This week, the Infrastructure team focused on planning for two upcoming outages: a system-wide update and reboot cycle scheduled for March 25 and a Matrix service maintenance on March 26. The team welcomed a new contributor, Ruilai Ma, who introduced himself at the weekly meeting and will start by fixing outdated documentation links. Daily standups involved triaging new tickets, troubleshooting issues with the asknot application in staging, and preparing for the next Fedora release freeze.

Key discussions during the weekly meeting included improving monitoring for PostgreSQL and OpenShift, investigating a Forgejo webhook issue, and refining the team's agile workflow. On the discussion forum, a user added their support to an existing request for a torrent file for the Everything Network Installer. A major decision was also made to change the team's support process.

Decisions Taken

  • The formal on-call rotation was discontinued. The new procedure will be for users to file tickets for issues.
  • In the Daily Standup on 2026-03-16, ticket #13202 regarding an Ipsilon login error was closed, as the issue will be resolved by the long-term migration to Keycloak.

Releng

During the weekly Releng meeting, the team addressed the urgent need to publish new OpenH264 builds for F44 and F45 before the final freeze, a process that requires coordination with Cisco. They also discussed a faulty branch deletion script and considered implementing optional AI code reviews, deferring a final decision to the next meeting. In the forums, a user added their support to an ongoing request to provide a torrent for the Everything Network installer.

Decisions Taken

  • The branch deletion script must be fixed to correctly identify a branch as safe to delete before it is used; the team will not use a manual override.

Quality

This week, the Quality team focused heavily on the upcoming Fedora 44 release. In their main Quality meeting, the team reviewed the release status, concluding that while it looks decent, more community testing is crucial. This led to a public call for testing to encourage running Final validation tests early to discover potential blockers. The team also reviewed recently completed test events for i18n and podman and noted an upcoming CoreOS test week. On the mailing list, discussions included a user experiencing an upgrade issue from F43 to F44 Beta and a report of a boot failure on new Surface Pro 11 hardware.

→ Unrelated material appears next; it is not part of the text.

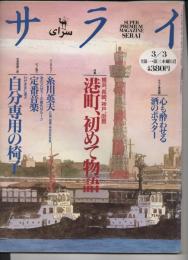 サライ 1994年3月3日発行 第6巻第5号通巻第11号 ●サライ美術館 心も酔わせる酒のポスター ●特集 横浜、長崎、神戸、函館 港町、初めて物語 ●インタビュー 糸川英夫 (80歳、組織工学研究所所長) ●モノ語り あのメロディーの意外なルーツ 定番音楽 ●生活見直し術 わがままに選ぶ自分専用の椅
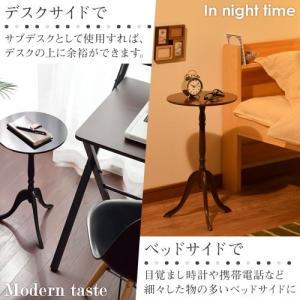サイドテーブル ベッドサイドテーブル おしゃれ...の詳細画像5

The most significant event was the Fedora 44 Blocker Review meeting, where several proposed blockers and freeze exceptions were evaluated against the release criteria. The team made decisions on multiple critical bugs to ensure the stability of the final release.

Decisions Taken

During the F44 Blocker Review meeting, the following decisions were made:

  • Bug 2391723 (shim-ia32 missing): Accepted as a Final Blocker.
  • Bug 2444824 (GNOME Remote Desktop blank screen): Decision on blocker status was delayed, but it was accepted as a Final Freeze Exception.
  • Bug 2444046 (Incorrect KDE launcher icon): Rejected as a Final Blocker, but accepted as a Final Freeze Exception.
  • Bug 2443774 (dnf cli segmentation fault): Accepted as a Final Freeze Exception.

Internationalization

During the week, the Internationalization group held a meeting to discuss the progress of Fedora 44. Key topics included the successful implementation of Fedora 44 Changes and the conclusion of the i18n Test Week. The team reviewed the upcoming schedule, with the Final Freeze planned for March 31 and the target release on April 14. A significant number of bugs for Fedora 42 still need to be triaged. Additionally, a new release candidate for IBus 1.5.34 was announced and is now available for testing in Fedora 44.

Decisions Taken

  • Change owners can start working on the release notes for Fedora 44.
  • Team members were asked to triage the remaining bugs reported against Fedora 42.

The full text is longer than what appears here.